Thursday, April 12, 2012

being human in Canada

Runaway - Alice Munro

There's a very good reason why Alice Munro is consistently referred to as one of the best short story writers in the world. Quite simply, because she is.

I first discovered Alice Munro when I was in my twenties. Despite being a Winnipeger, I found immediate resonance in her tales of life in small town Ontario, lives primarily of girls and women. The fact that she wrote about female coming of age with a searingly unsentimental yet deeply profound voice, felt at times as though she was writing my life. I quickly devoured everything she had ever written, and then moved on.

I recently stumbled upon Runaway - Munro's
2004 collection of short stories - at the library, realized it had been years since I had read any Alice Munro, and took it home.

Some of the stories in Runaway follow the same characters over time, geography, and circumstance. I love the continuity in that approach, mainly because my main objection with Alice Munro's short stories is that, although they are as fully realized and as deep as any novel, I miss the characters when the story is done. It's comforting to see them return to the pages, older, and though not necessarily wiser, certainly with a different understanding of life.

The final story in Runaway, although a single story, is divided into chapters and spans 50 years. Perhaps another reason that Alice Munro's writing keeps resonating with me is that just as I read her coming of age stories as a young woman, I now find something of myself echoed in her current stories about women of a certain age.

Munro is at her very finest when she writes of the small tragedies of life, those often unexamined minor twists of fate that subtly but irrevocably tinge the future. Those missed encounters, those lies we tell ourselves, those misunderstandings that are never resolved - these are the currency of Munro's stories.

The collection of stories in Runaway enthralled me, moved me, and left me slightly wistful but much richer for having read them. You really should read them too.


Anonymous said...

How I enjoy good short stories!

John Mutford said...

Oh how I've wanted to enjoy Munro. Alas, I only find her boring. And I'm a little too hung up on semantics, because I wish there was another term for short stories that aren't really short at all, as Munro writes.

Barbara Bruederlin said...

Have you read any of Alice Munro's stories, Vicomtesse? Very satisfying.

I recall your dissatisfaction with Munro's stories, John and I think you should be deported. I kid, of course, but I find it curious that we can have such opposing reactions to her work. I do have to agree on the short, not short, issue.

Anonymous said...

she use to spend her winters here and I met her a couple times. I was always surprised that she was a writer of her stature and after meeting her I was not interested in reading her works. Sorry to say she seemed well, not too bright and not interested in what anybody else had to say.

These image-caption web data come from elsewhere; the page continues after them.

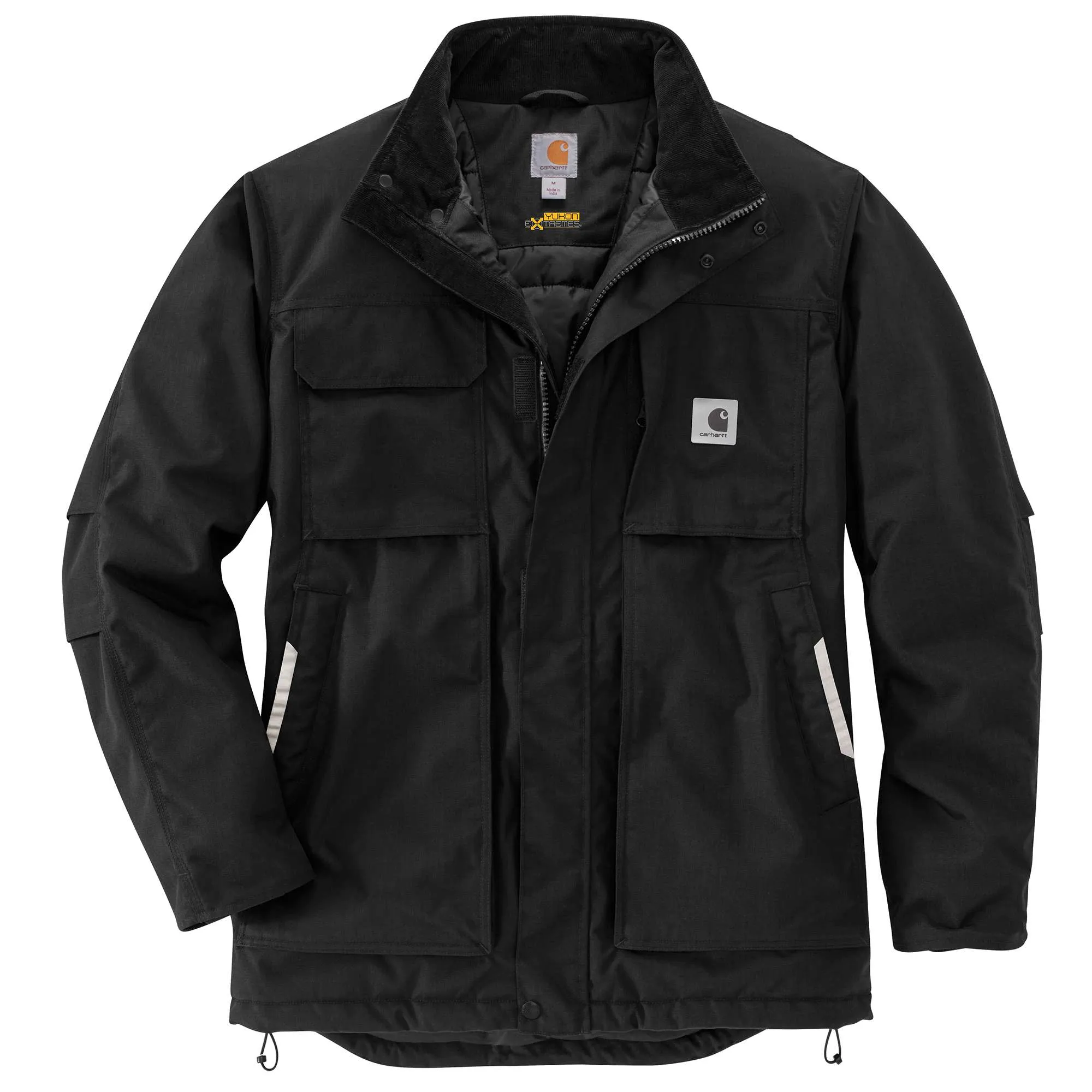 Carhartt Yukon Extremes Full Swing Insulated Coat - 4 Extreme Warmth Rating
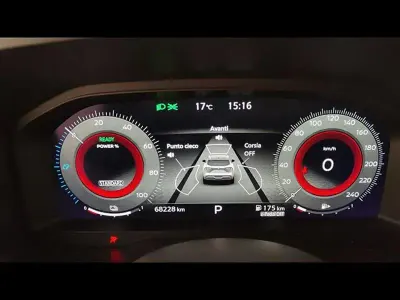 Usata Nissan Qashqai N-Connecta 190 CV (139 kW) 2023 Bianco SUV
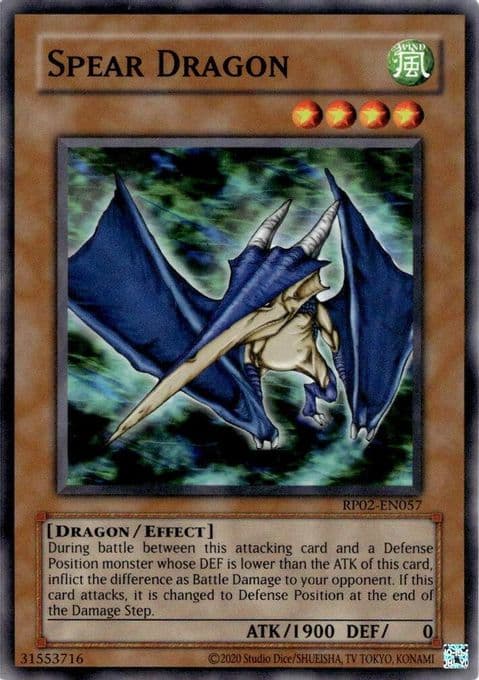 Spear Dragon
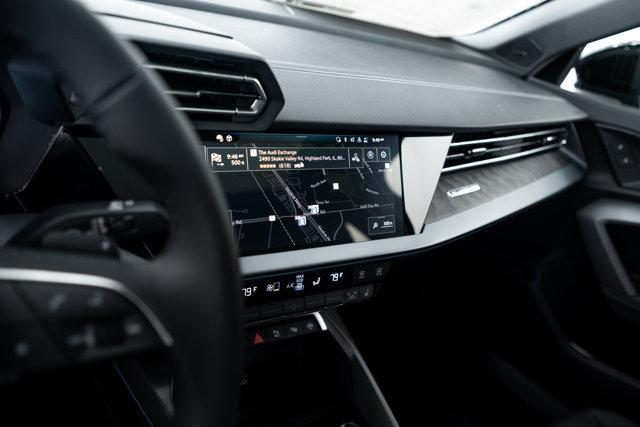 new 2026 Audi A3 car, priced at $44,849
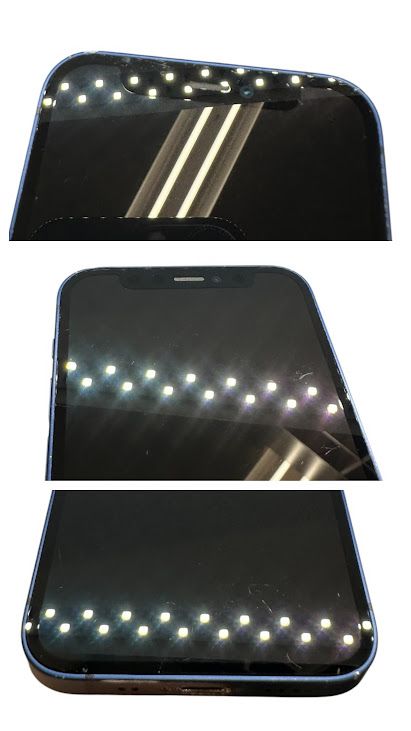 iPhone��12mini��64GB���֥롼��SIM�ե꡼��Y��Х�����
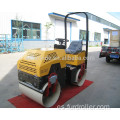 Ride-on Double Drum Vibratory 1 Ton Roller en venta (FYL-880)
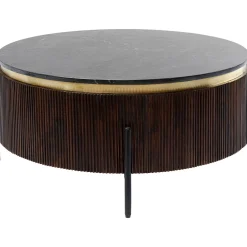 KARE Design Tables Basses|Table Basse Catalina O90Cm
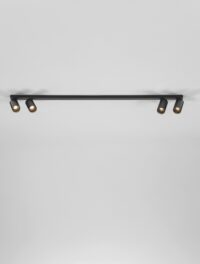 Плафон Nova-Luce GU10 4x10W за открит монтаж - 4
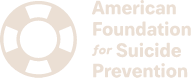 American Foundation for Service Prevention logo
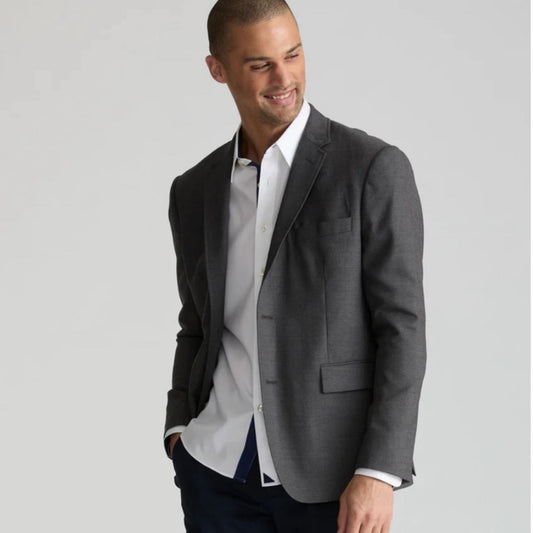 Untuckit Wrinkle-Resistant Palazzo Sport Coat Size 42R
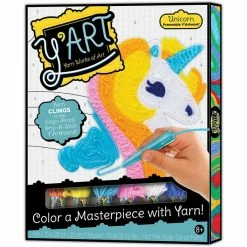 Y Art Unicorn Yarn Art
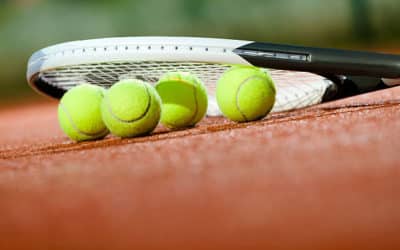 Soutien à l’Égalité des Genres dans le Sport grâce à la Rénovation de Courts de Tennis à Nice.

Barbara Bruederlin said...

That's disappointing to hear, Kelly. Perhaps she was always writing something in her head; I know I project "not too bright and not interested in what anybody has to say" when I am writing stuff in my head.

Vol-E said...

Looking for a new author to get into -- thank you for the lead!

Barbara Bruederlin said...

Happy to help, Vol-E! I'm always looking for new authors myself.

umbrellalady said...

I have an odd relationship with Alice Munro's books. I really want to like her but something holds me back. I do respect her writing and think she is incredibly insightful. I just keep working at it and continue to read her,hoping for a connection.

Barbara Bruederlin said...

How odd, I seem to be the only real Munro fan in the bunch, Kathy. I have to give you props for not giving up on her. I tend to set aside authors that don't connect with me.